*** Begin section ***

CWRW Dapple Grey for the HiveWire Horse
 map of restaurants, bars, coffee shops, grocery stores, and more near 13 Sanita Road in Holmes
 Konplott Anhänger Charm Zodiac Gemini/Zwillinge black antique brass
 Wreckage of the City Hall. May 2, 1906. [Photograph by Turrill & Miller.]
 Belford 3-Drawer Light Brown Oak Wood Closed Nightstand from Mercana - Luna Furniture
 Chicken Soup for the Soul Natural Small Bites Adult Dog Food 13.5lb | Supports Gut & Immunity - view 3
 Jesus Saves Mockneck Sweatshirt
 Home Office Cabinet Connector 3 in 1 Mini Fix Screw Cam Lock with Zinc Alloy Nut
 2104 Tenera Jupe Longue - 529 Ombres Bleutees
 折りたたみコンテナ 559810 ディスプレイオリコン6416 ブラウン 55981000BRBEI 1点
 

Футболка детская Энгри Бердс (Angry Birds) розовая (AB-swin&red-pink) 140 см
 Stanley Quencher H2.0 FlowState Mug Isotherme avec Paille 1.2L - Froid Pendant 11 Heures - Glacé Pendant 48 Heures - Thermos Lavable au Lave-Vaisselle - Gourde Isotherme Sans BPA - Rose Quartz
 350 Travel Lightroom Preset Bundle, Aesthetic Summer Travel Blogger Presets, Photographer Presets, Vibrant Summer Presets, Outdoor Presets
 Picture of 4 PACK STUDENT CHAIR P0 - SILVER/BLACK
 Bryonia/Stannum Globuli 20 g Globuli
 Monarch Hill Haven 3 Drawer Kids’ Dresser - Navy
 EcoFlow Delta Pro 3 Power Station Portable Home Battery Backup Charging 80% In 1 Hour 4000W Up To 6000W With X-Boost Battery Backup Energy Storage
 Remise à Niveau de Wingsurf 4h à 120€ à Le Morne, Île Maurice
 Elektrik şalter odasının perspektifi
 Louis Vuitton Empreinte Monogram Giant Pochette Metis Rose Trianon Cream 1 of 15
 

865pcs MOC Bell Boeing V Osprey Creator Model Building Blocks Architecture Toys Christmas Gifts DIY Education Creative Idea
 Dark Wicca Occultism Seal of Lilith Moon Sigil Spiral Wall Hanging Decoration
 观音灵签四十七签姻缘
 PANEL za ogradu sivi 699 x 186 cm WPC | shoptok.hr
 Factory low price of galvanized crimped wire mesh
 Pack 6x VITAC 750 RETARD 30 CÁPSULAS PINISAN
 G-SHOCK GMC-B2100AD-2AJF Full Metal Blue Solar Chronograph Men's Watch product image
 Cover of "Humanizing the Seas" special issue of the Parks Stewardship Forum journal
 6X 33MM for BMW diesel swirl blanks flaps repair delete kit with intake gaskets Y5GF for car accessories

*** End section ***

▶ [WHAT YOU WILL DO]: Reproduce, with no other lines, the run of lines that begins with the one containing "Picture of 4" and ends with the last line of the material.

▶ [SOLUTION TO THE EXERCISE]:
 Picture of 4 PACK STUDENT CHAIR P0 - SILVER/BLACK
 Bryonia/Stannum Globuli 20 g Globuli
 Monarch Hill Haven 3 Drawer Kids’ Dresser - Navy
 EcoFlow Delta Pro 3 Power Station Portable Home Battery Backup Charging 80% In 1 Hour 4000W Up To 6000W With X-Boost Battery Backup Energy Storage
 Remise à Niveau de Wingsurf 4h à 120€ à Le Morne, Île Maurice
 Elektrik şalter odasının perspektifi
 Louis Vuitton Empreinte Monogram Giant Pochette Metis Rose Trianon Cream 1 of 15
 

865pcs MOC Bell Boeing V Osprey Creator Model Building Blocks Architecture Toys Christmas Gifts DIY Education Creative Idea
 Dark Wicca Occultism Seal of Lilith Moon Sigil Spiral Wall Hanging Decoration
 观音灵签四十七签姻缘
 PANEL za ogradu sivi 699 x 186 cm WPC | shoptok.hr
 Factory low price of galvanized crimped wire mesh
 Pack 6x VITAC 750 RETARD 30 CÁPSULAS PINISAN
 G-SHOCK GMC-B2100AD-2AJF Full Metal Blue Solar Chronograph Men's Watch product image
 Cover of "Humanizing the Seas" special issue of the Parks Stewardship Forum journal
 6X 33MM for BMW diesel swirl blanks flaps repair delete kit with intake gaskets Y5GF for car accessories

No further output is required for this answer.